How to prosper during the coming Depression, transportation

 

Most Americans own some form of automobile, however only a small percentage know how to maintain them. If you are looking to keep your ride on the road and save some money along the way I highly suggest buying a Chilton auto repair manual for the year, make, and model of the vehicle you own. There are two schools of thought when it comes to not doing your car repairs, it’s too complicated or let the professionals handle it.

I bought a 2006 Toyota Corolla back in 2008 and I have only taken it to the dealership one time after it was purchased. This was for the “free” oil change that came with the vehicle. There are several reasons why I will never take it back there, for anything. The Corolla came with a 250 point inspection that insured it was in like new condition when I drove it off the lots but when I took it there for the oil change three months later the mechanics continued to pile on a list of things it needed besides the oil change. At one point a woman carried the air filter into the waiting room and said it needed to be replaced. The filter was still white except for a maple tree seed, one of those annoying helicopter like blades that fall to the ground every spring, and told me it was clogged.
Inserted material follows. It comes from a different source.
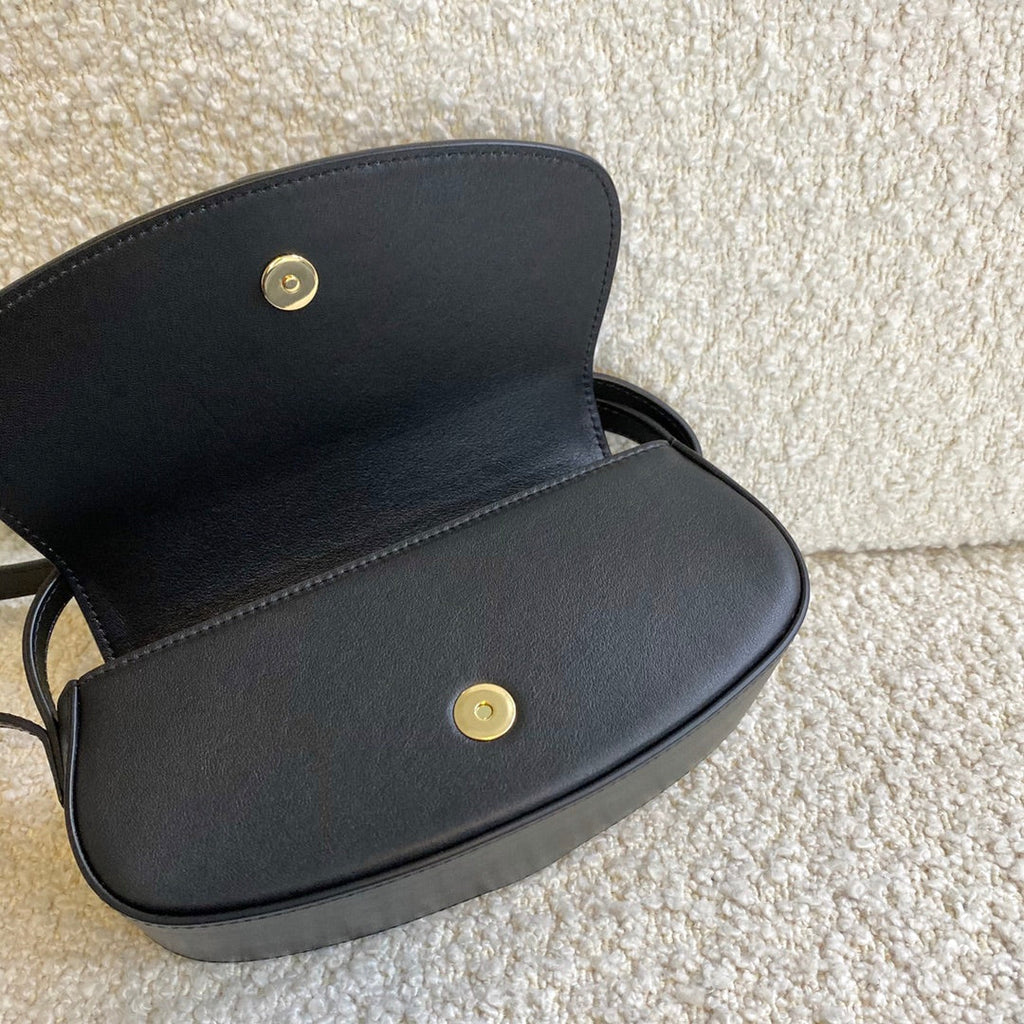 MINI SAC 18 CADENAS EN CUIR DE VEAU NOIR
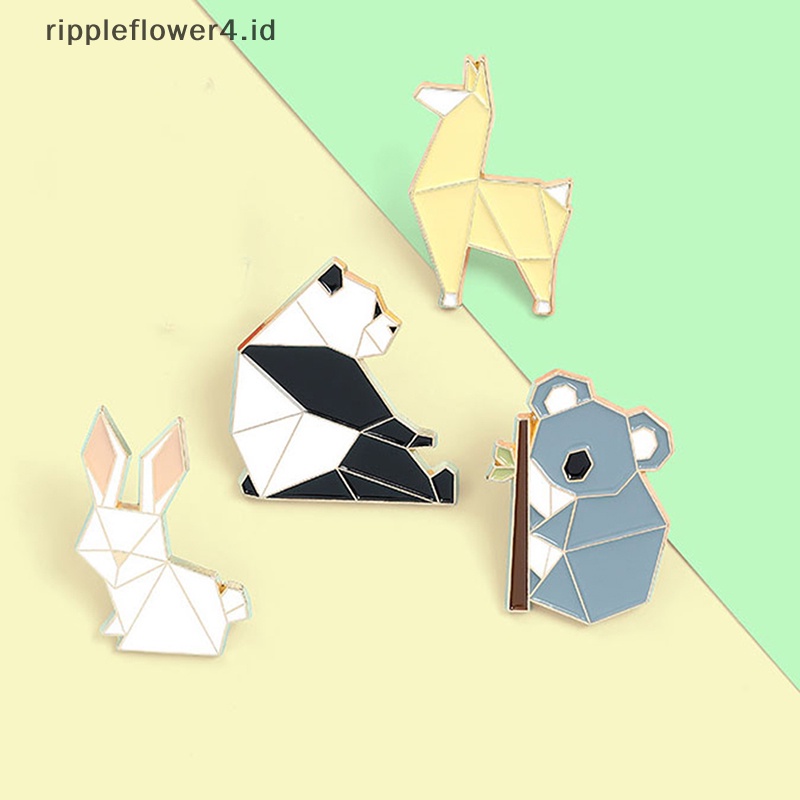 {rippleflower4.id} Pin Enamel Hewan Panda Koala Alpaka Kelinci Bros Tas Pakaian Kerah Pin Lencana~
I took the tree seed out of the filter and told her to put it back in. once they started to add things to the oil change, I was done with that place. Either they never did the inspection before selling the vehicle or they were trying to rip me off. I’m not saying that every place is like that but I have heard other horror stories about $90-120 oil changes at those quick lube places from unsuspecting customers who didn’t know better. It has never cost me more than $30 to do my own oil change at home and it takes less than 15 minutes. Sure, it’s dirty and you have to crawl under the car but at least you know the job is done, what it cost, and that it was done right.

Granted there are things you can not do on your own. Changing tires needs to be done by a professional. The exhaust system, unless you know how to weld, should be done by a professional. Things like, replacing a headlight, changing the air filter, replacing the battery, checking tire pressure, topping off coolant, even replacing your own brake pads can be done at home if you know how to do it. That is where the Chilton’s manual comes in, showing you step by step how to work on your own car so that you aren’t paying somebody $50 an hour to do it for you and charging you extra for the parts that you can get from your local Auto Zone.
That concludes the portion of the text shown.